The Octanous NPO in close collaboration with the social cooperative enterprise “Pramata & Thamata” and in cooperation with 9 other associations from different EU countries have sufficiently implemented the Eight for Great (EfG) project concerning a training course for youth workers funded by the Erasmus + / Youth Program, in an effort to tackle unemployment, namely youth unemployment, as a result of the recent European economic crisis.
The project objectives were the promotion of three European initiatives, i.e. the ‘European Framework for the Key Competencies for LLL’, the ‘Youth Guarantee’ scheme and the ‘European Solidarity Corps’ and the identification of ways, areas, associations and youth workers who would be trained in order to be involved to the development of an informal network for better support of these three European initiatives as part of youth exchange projects.
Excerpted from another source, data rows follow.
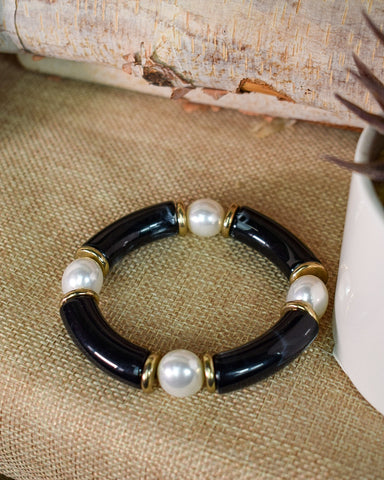 BLACK TUBE BEAD & PEARL STRETCHY BRACELET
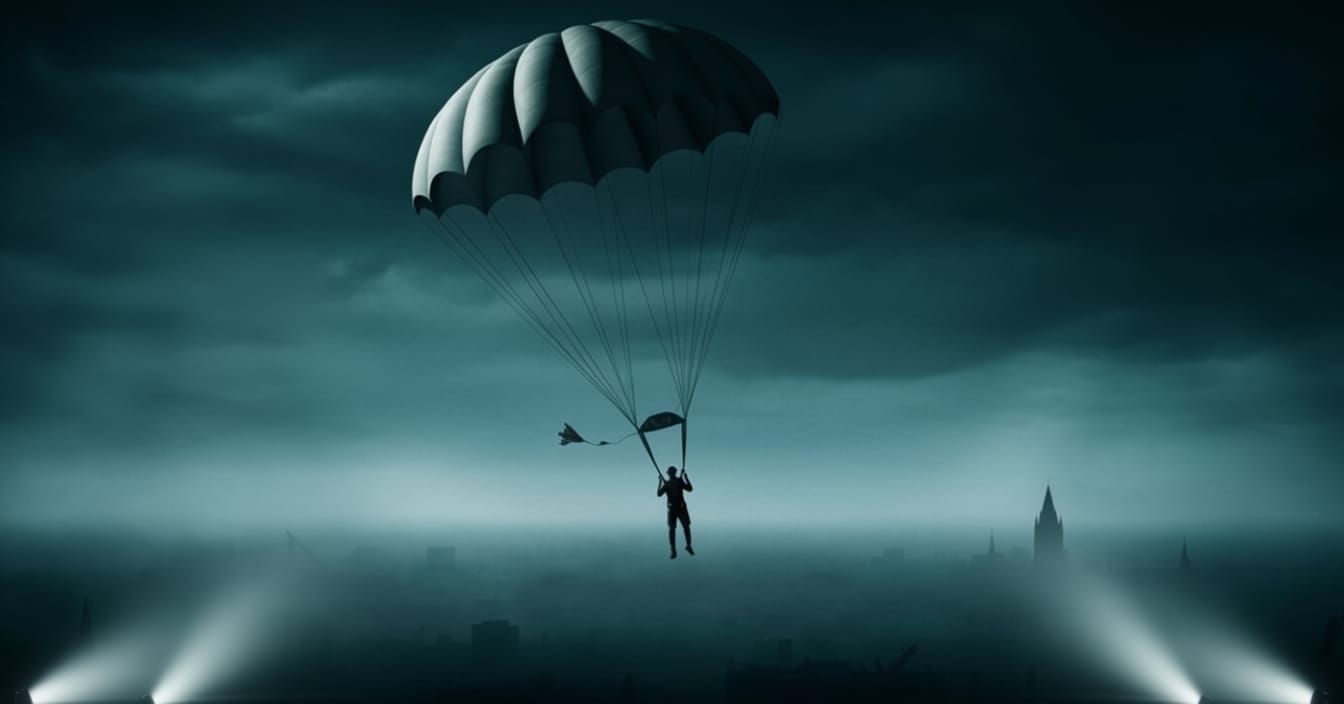 Searchlights Directed Downward on Dark Ground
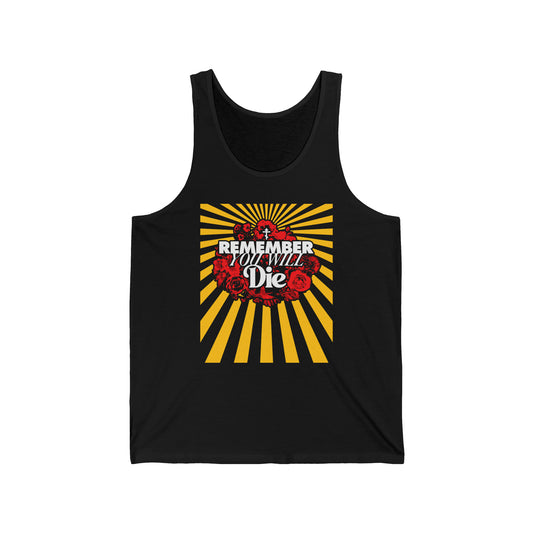 Remember You Will Die Floral Design No. 2 | Orthodox Christian Jersey Tank Top / Sleeveless Shirt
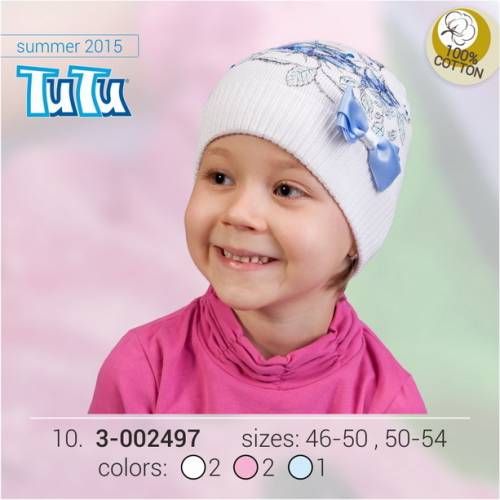 Вязаная хлопковая шапка для девочки TuTu 3-002497 white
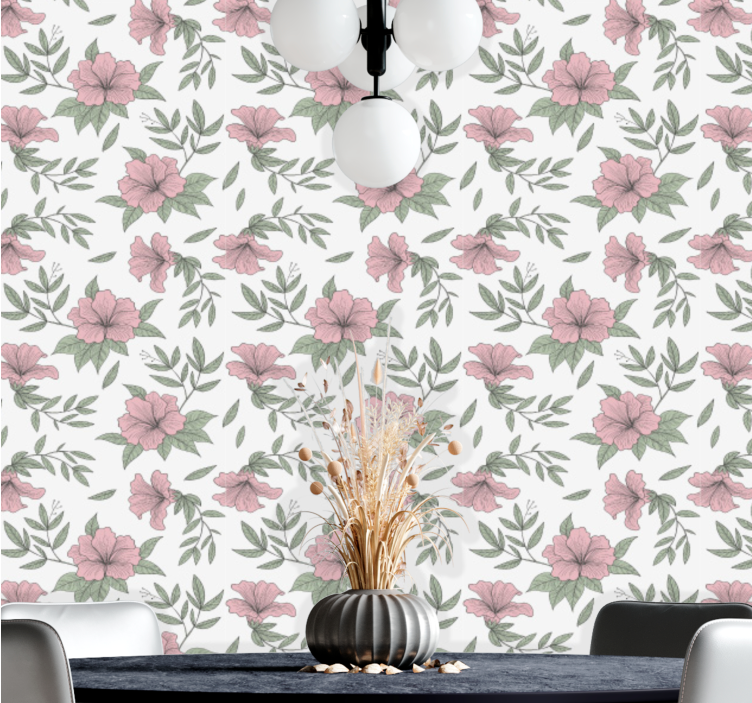 Papel pintado comedor motivo floral rosa - TenVinilo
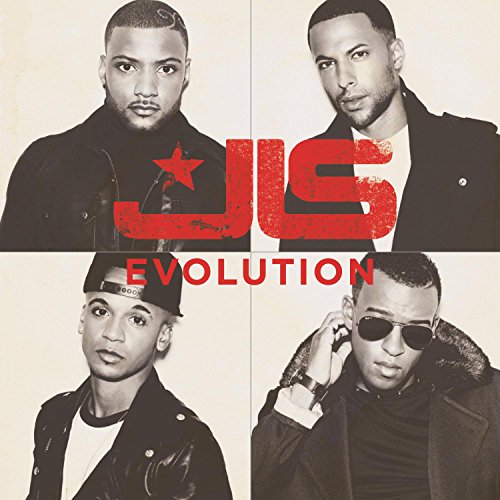 "Album cover with four black-and-white photos of men and red 'JLS Evolution' text."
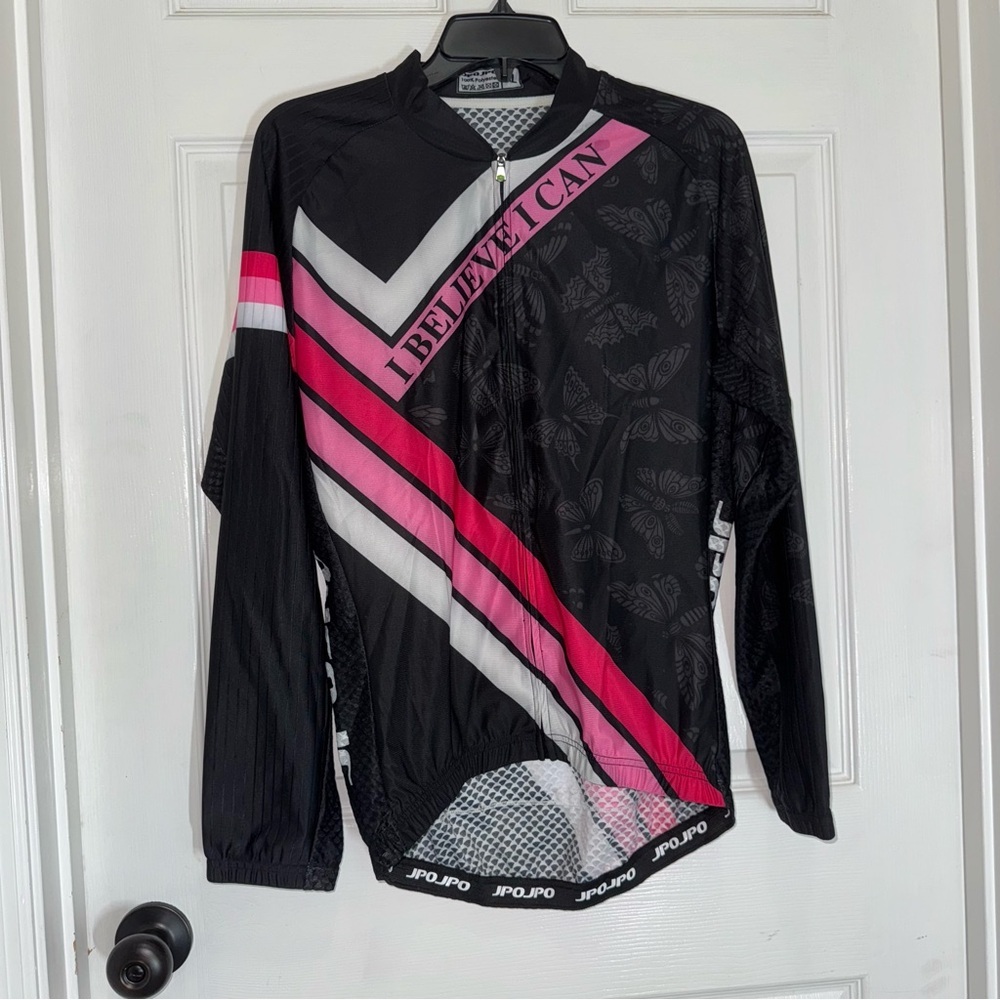 JPO Black and Gray Cycling Bicycle Jersey XL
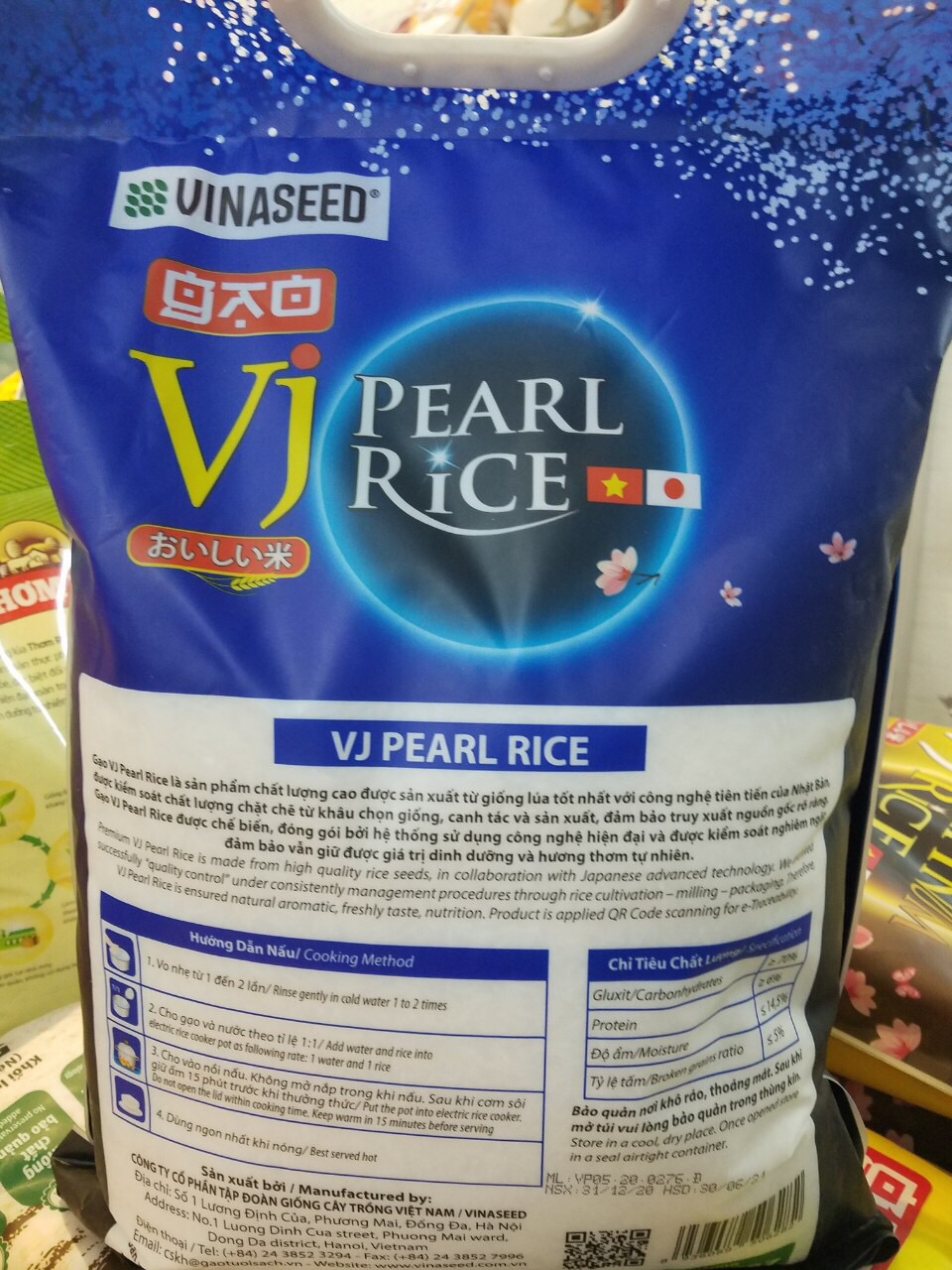 [Chính hãng] Gạo VJ Pearl Vinaseed (Túi 5kg)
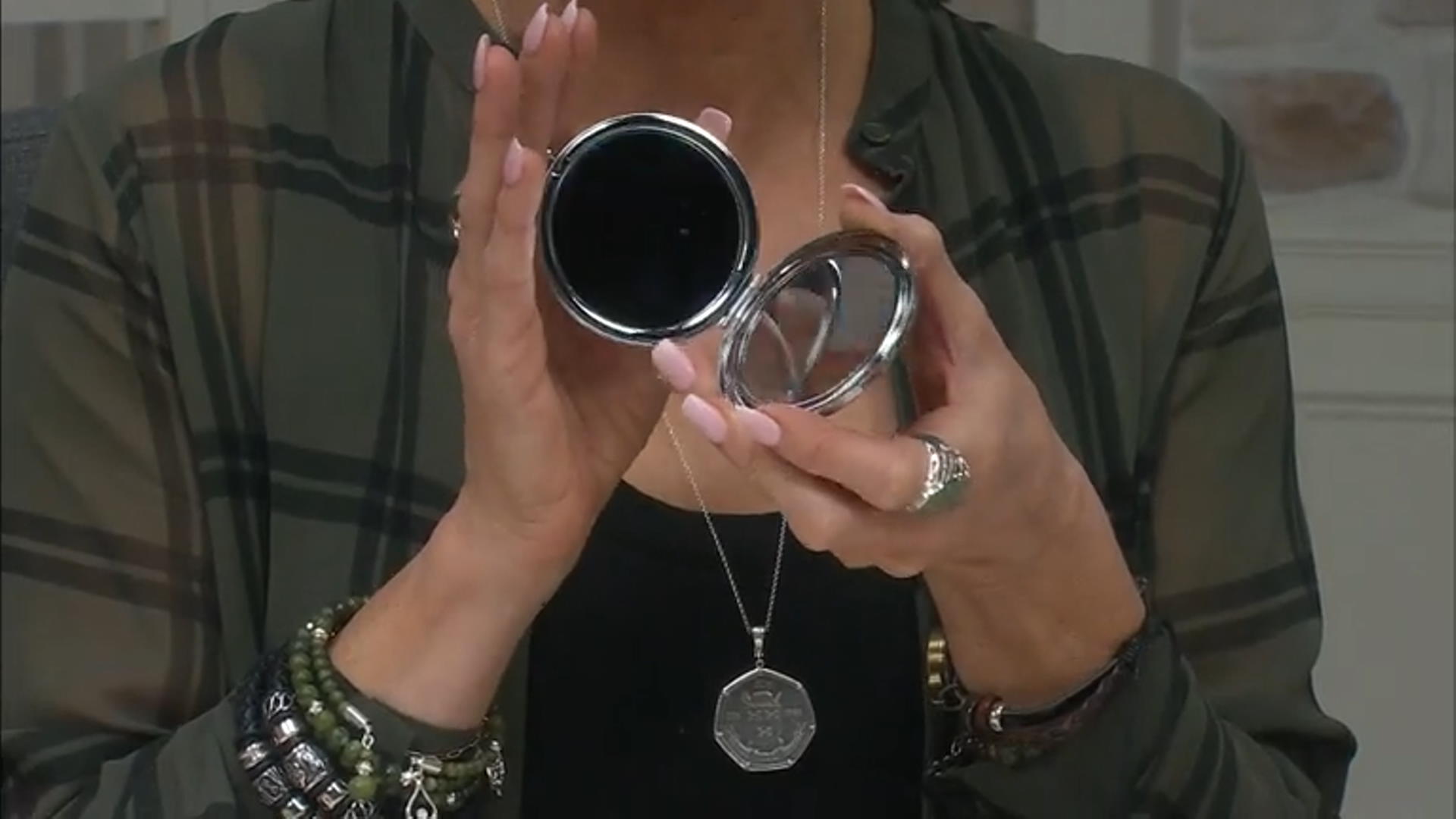 Connemara Marble Silver Tone Compact Mirror Video Thumbnail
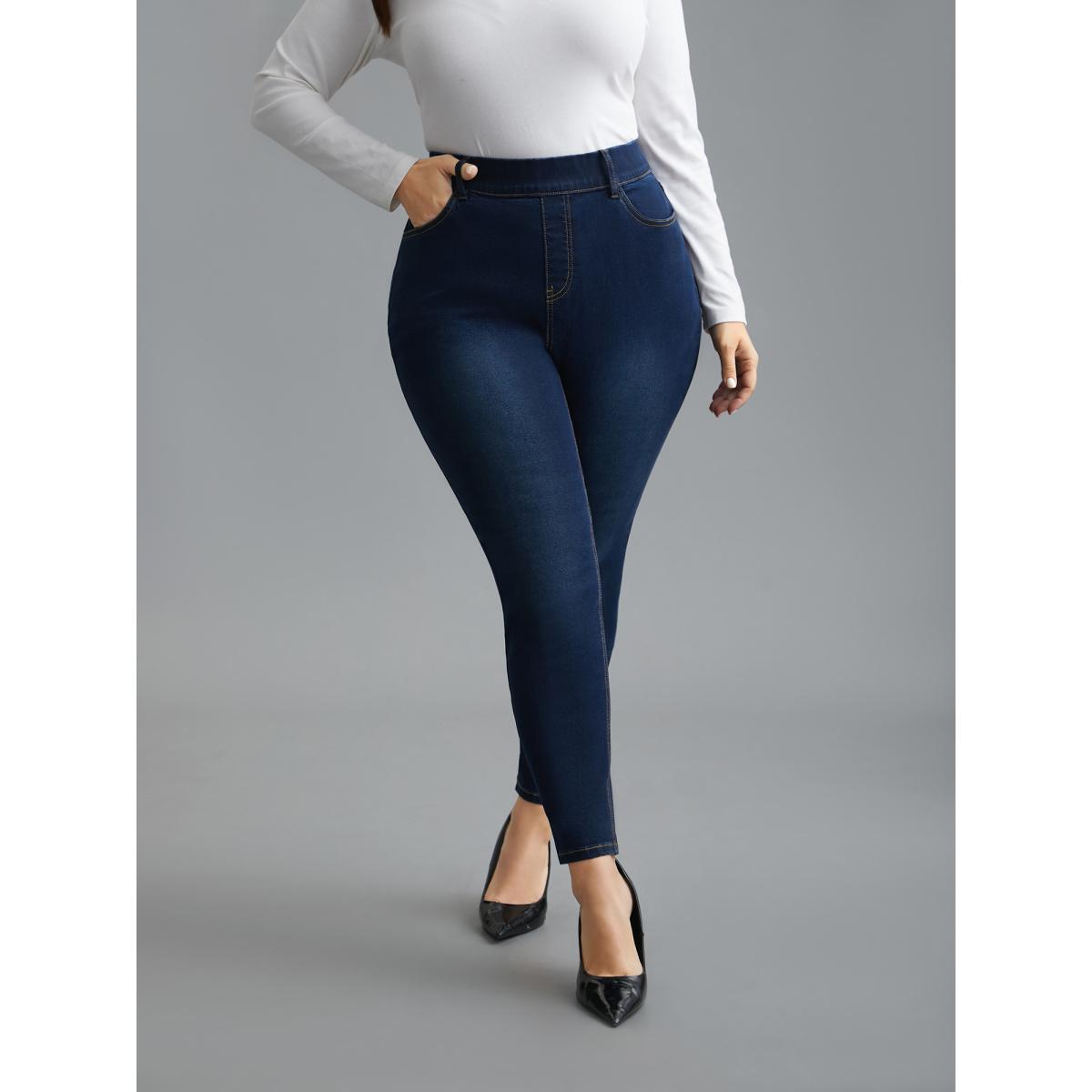 Plus Size Elastic Waist Mid Rise Skinny Jeans Women Denimindigo Elegant Medium stretch Slanted pocket Jeans BloomChic 10/M Product Image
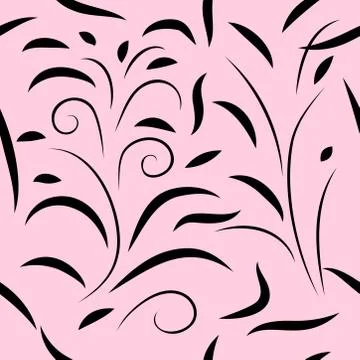 Seamless pattern with flowers and leaves hohloma style Stock Illustration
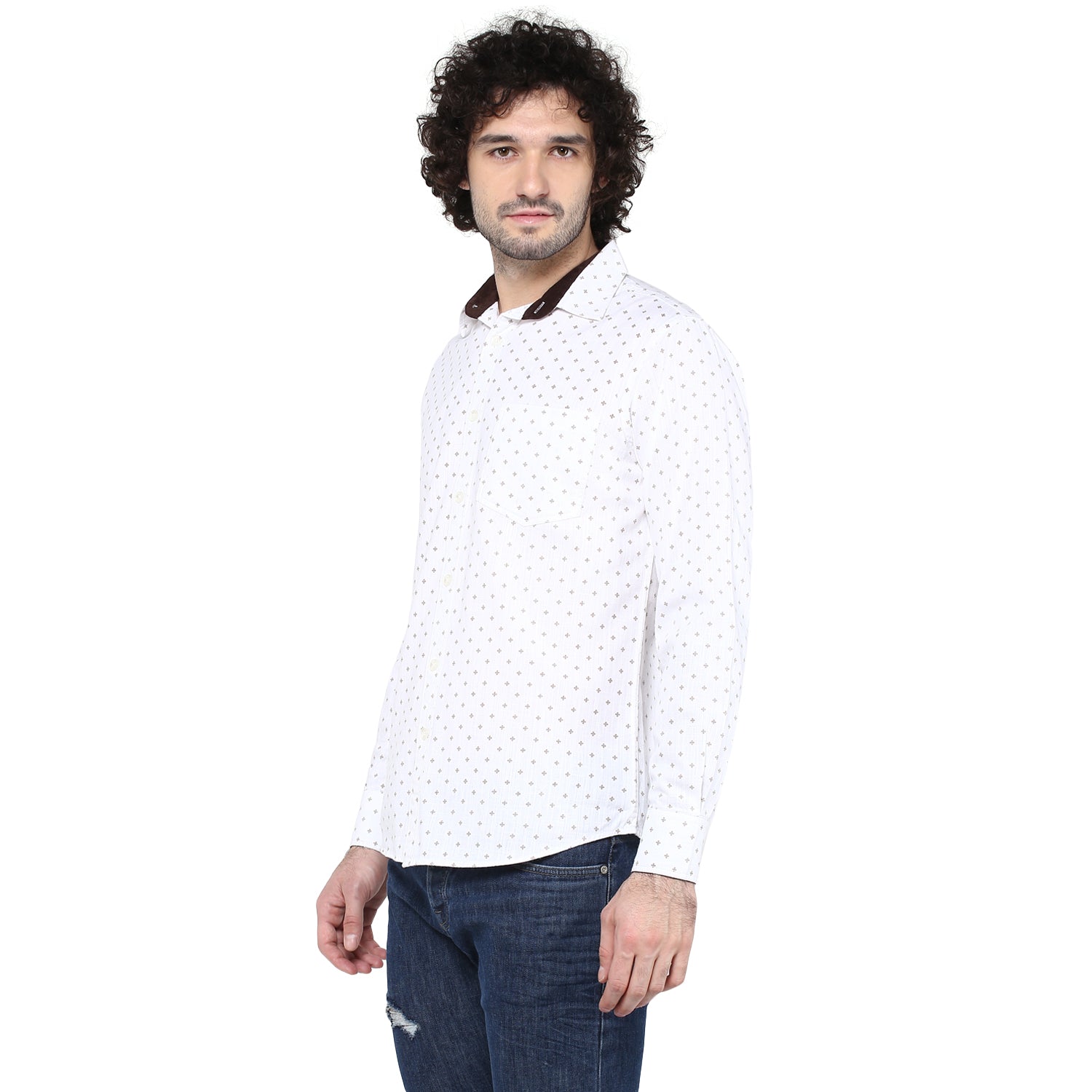 Crosscreek Men White Printed Casual Shirt Crosscreek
The EfG project lasted 10 days and was implemented in Kalamata and Athens. Fifty-one youth workers were actively involved, coming from 10 different EU countries, namely Estonia, Italy, Croatia, Cyprus, Latvia, Hungary, Poland, Romania, Slovakia and Greece. A significant number of citizens and stakeholders of the local community also ad hoc participated.
The activities of the daily program included inputs, interactive presentations, introductions, various creative workshops, discussion and working groups, study visits to local business and socio-cultural institutions, educational excursions to the archaeological sites of Olympia and Messina and a visit to the Hellenic Parliament.
Participants had the opportunity to be trained in various thematic. They improved their communication and social skills, they developed their planning competencies in new collaborative relations, they got acquainted with new knowledge or they developed existing one in social intervention techniques and methods, in parliamentary processes and function of democracy, in coping with different issues or problems. They improved their ability in developing community-based initiatives and they identified ways of European intercultural youth cooperation, especially in youth exchange projects. They were sensitized and became familiar with the content and importance of the three European initiatives mentioned above for the expansion of social cohesion and European solidarity. In addition, they were encouraged to promote them into their organization and to other institutions of their local community and to implement and multiply mobility initiatives and multilateral youth exchange projects at the European level.